News Update: FATCA regulations
We would like to bring to your attention an important professional USA legislation known as the “FATCA”. We shall detail below part of its general legal principles, a few general implications and specific implications on our procedures with respect to reporting new grants to us:
FATCA (Foreign Account Tax Compliance Act) colloquially refers to some provisions included in the Hiring Incentives to Restore Employment Act signed into law on March 18, 2010 and took into effect on January 1, 2013.
It adds a new chapter to the Internal Revenue Code (Chapter 4) aimed at addressing perceived tax abuse by U.S. persons through the use of offshore accounts.

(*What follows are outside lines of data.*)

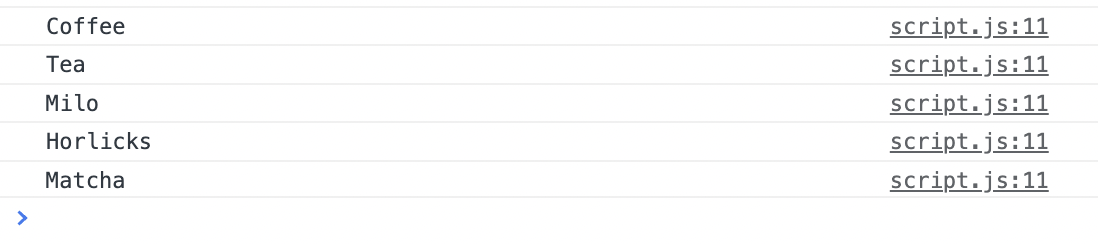 Challenge 1: Console output showing forEach results
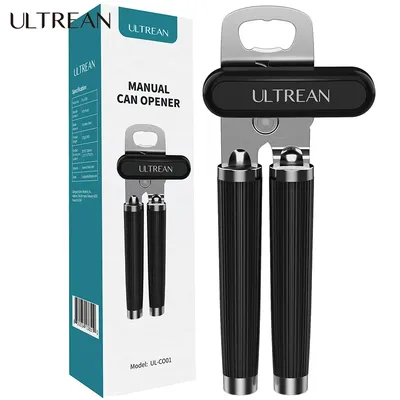 ULTREAN Manual Can Opener Bottle Opener Multifunctional Stainless Steel Beer Grip Opener Side Cut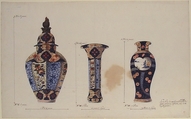 Design for Three Vases, Anonymous, French, 18th century, Pen and brown ink, watercolor, and graphite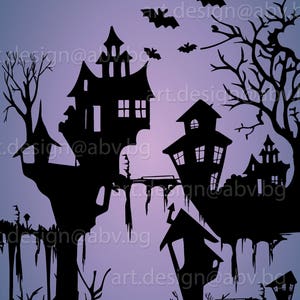 May include: Silhouette of a spooky Halloween scene with multiple haunted houses, trees, bats, and a black cat. The houses are all different shapes and sizes, and some have windows and doors. The trees are bare and have branches that reach up into the sky. The bats are flying around the houses and trees. The black cat is sitting in the foreground, looking up at the houses.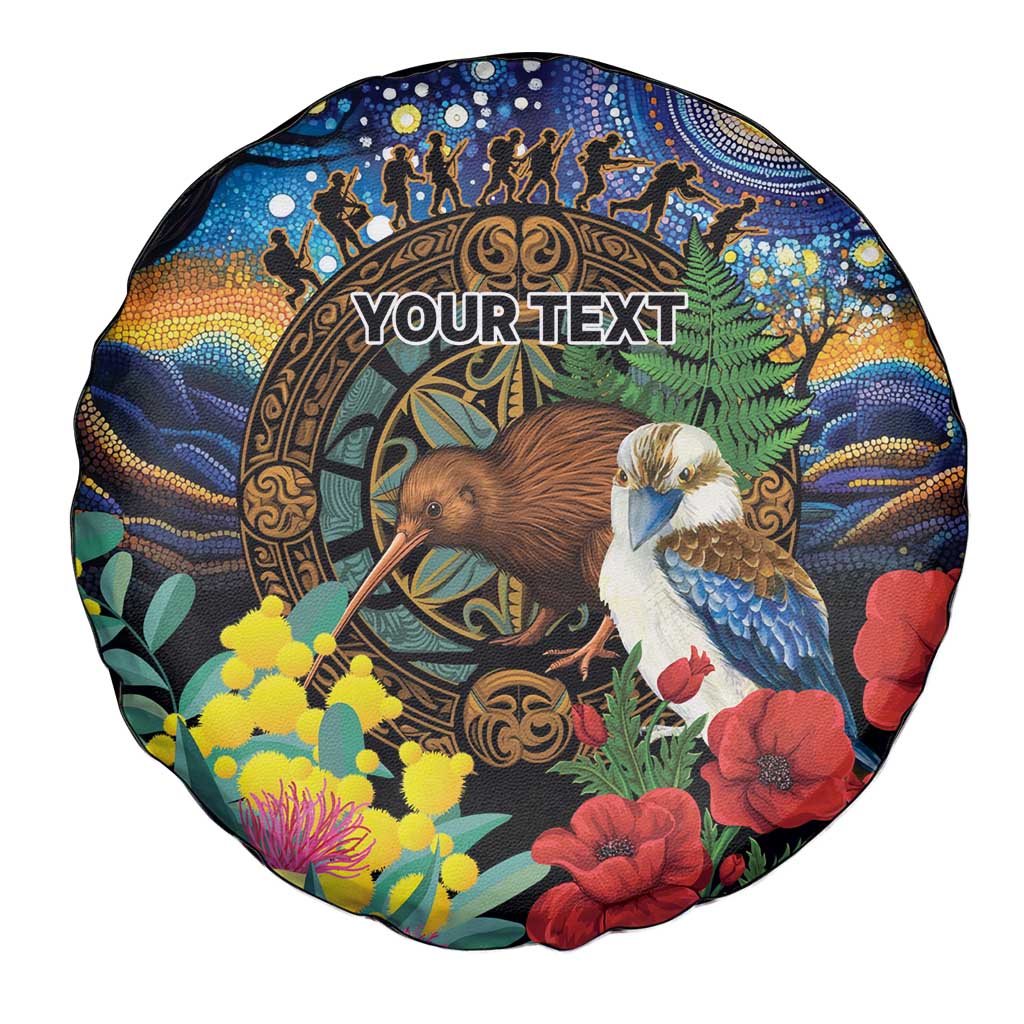Kiwi-Kookaburra Bird ANZAC Personalised Spare Tire Cover Aussie Golden Wattle Poppy Flowers LT9 - Polynesian Pride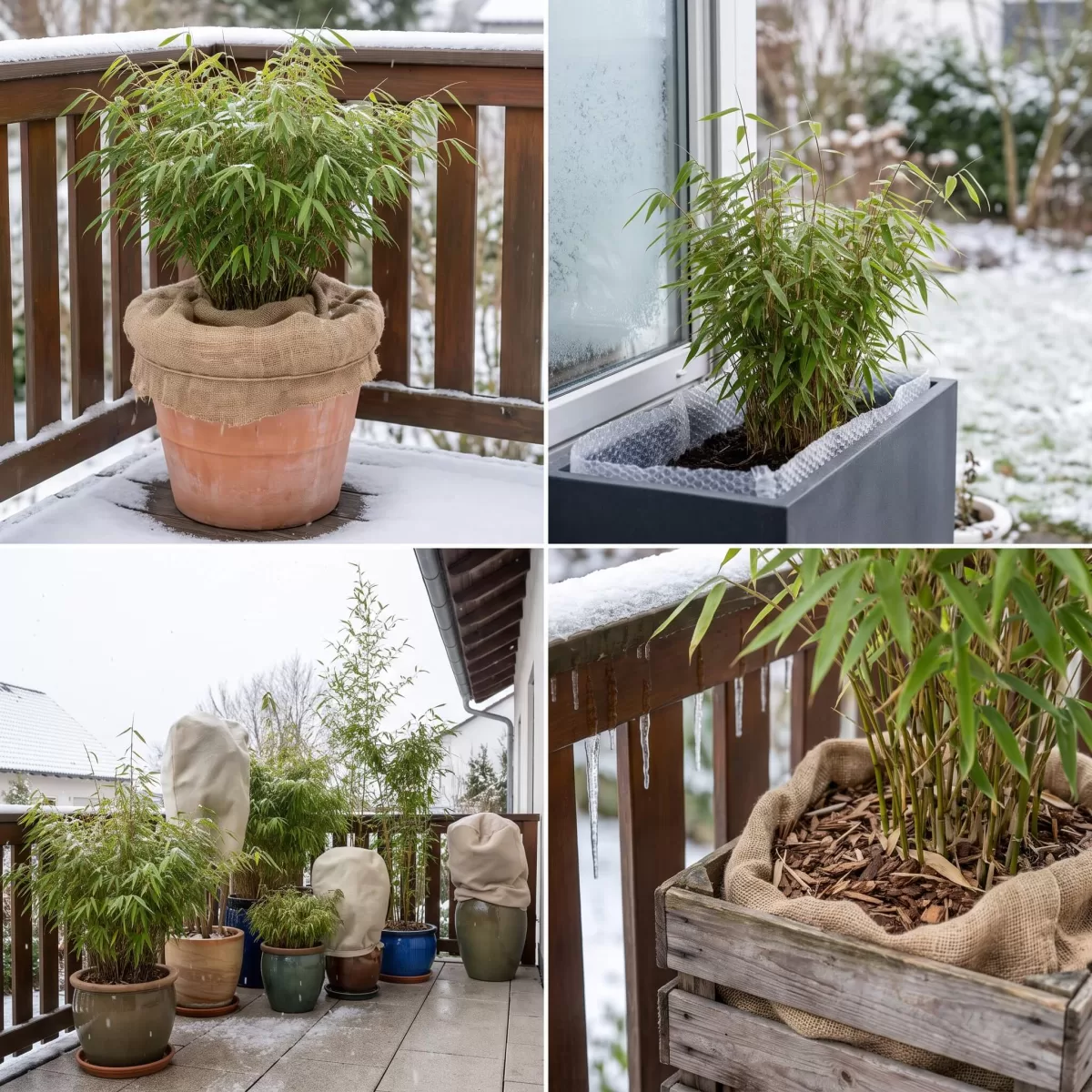 Winterharter Bambus im Kübel mit Frostschutz auf Balkon im Winter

The new rules require Foreign Financial Institutions (“FFI”s) to provide the Internal Revenue Service (“IRS”) with information on certain U.S. persons invested in accounts outside of the U.S. and for certain non-U.S. entities to provide information about any U.S. owner.

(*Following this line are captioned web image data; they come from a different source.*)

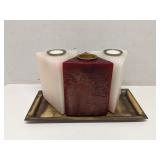 3 Candle set on metal tray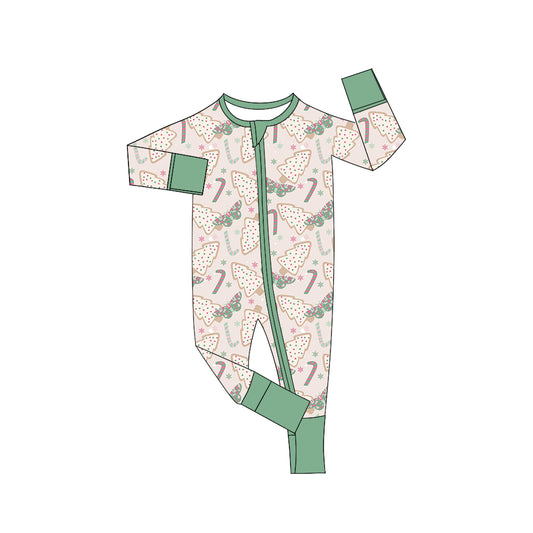 Baby Girls Christmas Tree Zip Long Sleeve Rompers preorder(moq 5)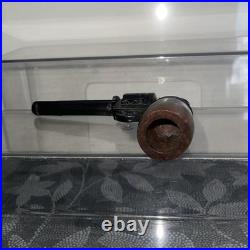 NOS Revolver Pistol Imported Briar Wood Tobacco Pipe Made In Italy Unsmoked LQQK
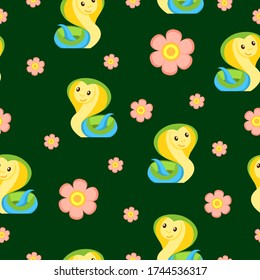 Green, yellow and blue snake and pink flowers. Seamless pattern. Green background. Cartoon style. Funny and cute. African animal. Nature and ecology. Postcards, wallpaper, textile and wrapping paper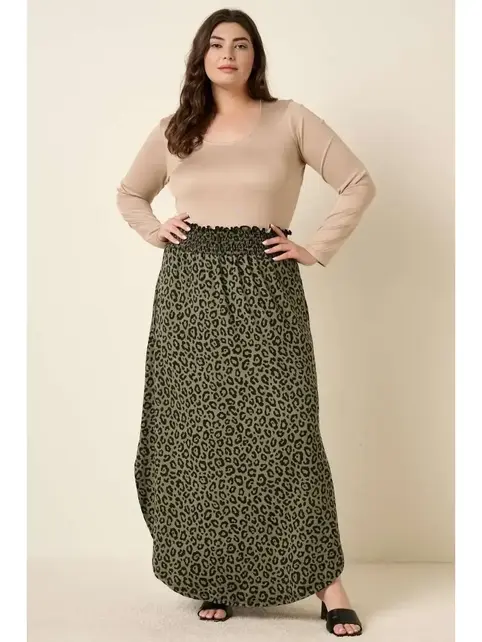 Plus Leopard Print Maxi Skirt - Olive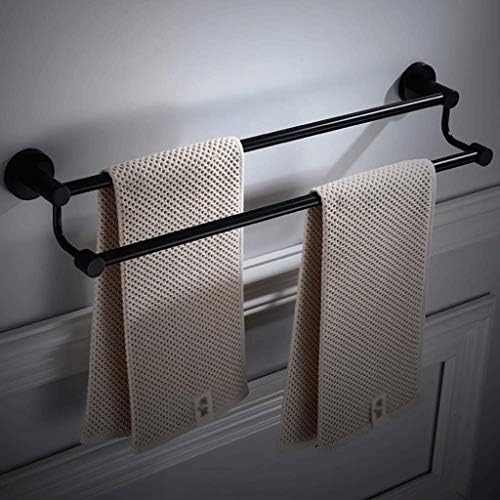 Lymjj ručnik za ručnik - Dvostruki ručnik od nehrđajućeg čelika, crni okrugli nosač ručnika, stalak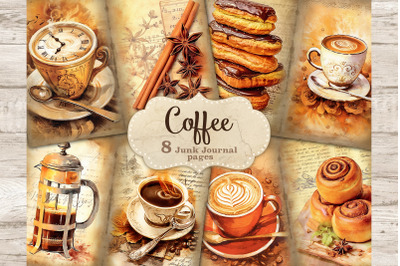 Vintage Coffee Junk Journal Pages | Decoupage Paper
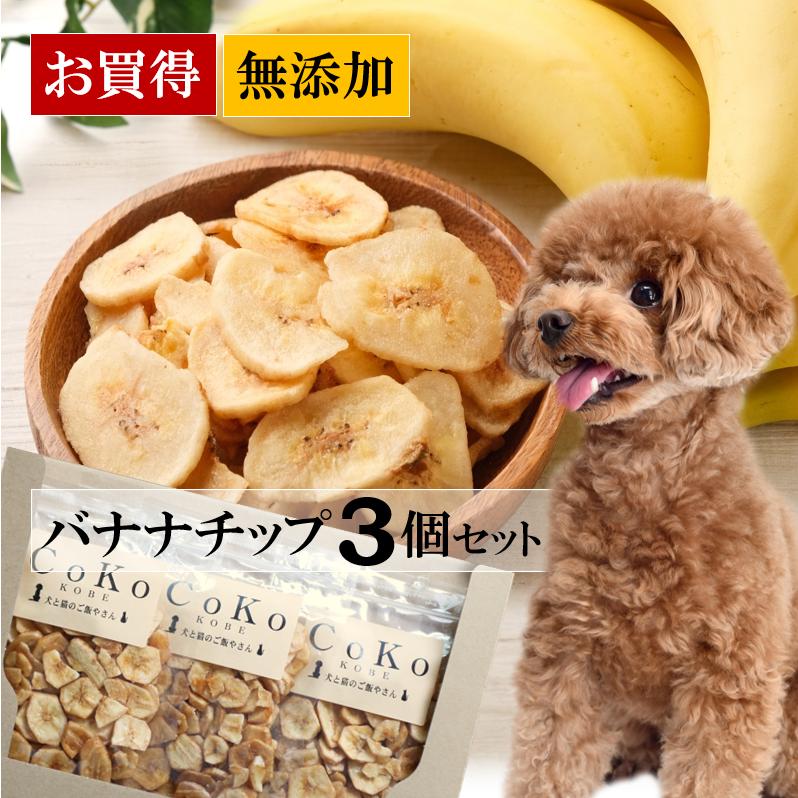 送料無料【小型配送 / ポスト投函】CoKoオリジナル 犬おやつ バナナチップ 3個セット (60g×3)  Original banana for dogs set for dogs｜coko-kobe-dogcat｜02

Generally, an FFI requires a determination of which accounts are “United States accounts” (a defined term), compliance with verification and due diligence procedures, annual reporting on those United States accounts to the U.S. Treasury, compliance with additional IRS reporting requests, and withholding 30% where applicable (e.g., recalcitrant account holders, nonparticipating FFIs, electing FFIs, etc.).

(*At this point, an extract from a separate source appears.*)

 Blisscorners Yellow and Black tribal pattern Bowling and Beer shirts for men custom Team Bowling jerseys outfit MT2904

FFI’s that enter into an FFI agreement with the IRS need to report the following information on their U.S. accounts:
- The name, address, and Taxpayer Identification Number (“TIN”) of each account holder which is a specified United States person and, in the case of any account holder which is a United States owned foreign entity, the name, address, and TIN of each substantial United States owner of such entity.
- The account number
- The account balance or value (timing to be clarified by Regulations)
- Possibly have to report the gross receipts and gross withdrawals or payments from the account
FATCA entered into force on July 1, 2014
However… an Important relief regarding grants under Section 102:
On the beginning of July, we were happy to update and announce that Israel and the United States of America signed an agreement to Improve International Tax Compliance and to Implement FATCA. The agreement – Model 1 IGA – was signed and published on June 30th 2014.
The IGA determines that accounts, in which the sole financial assets are shares or options held by a trustee for employees, according Section 102 of the Israeli Tax Ordinance (new version) 1961 (“section 102”), are exempt from FATCA and therefore, are not required to be identified and reported under the FATCA.
Therefore, according to the IGA, accounts that are being held and/or managed by Tamir Fishman within the framework of section 102 are exempt from the FATCA.
As for the non-Israeli beneficiaries, whose grants are not within the framework of Section 102, their exercises are being processed with Oppenheimer & Co. (Tamir Fishman executing broker).
Oppenheimer have informed us that they will soon request each client (company which opened an activity Oppenheimer account) to sign a new and updated W8BENE form or a W8IMY (in this case of a W8IMY form, an additional W8 or W9 for each beneficiary are required) per each account of the client with Oppenheimer.
That is in order to fully comply with all reporting requirements.
Therefore…. Specific implications
Tamir Fishman Equity Plan Services, as a stock administrator, suggest that each beneficiary, whose grants are not under section 102, shall sign a W8 or W9 as the case may be, and a copy of the said documents shall be delivered to us upon grant event.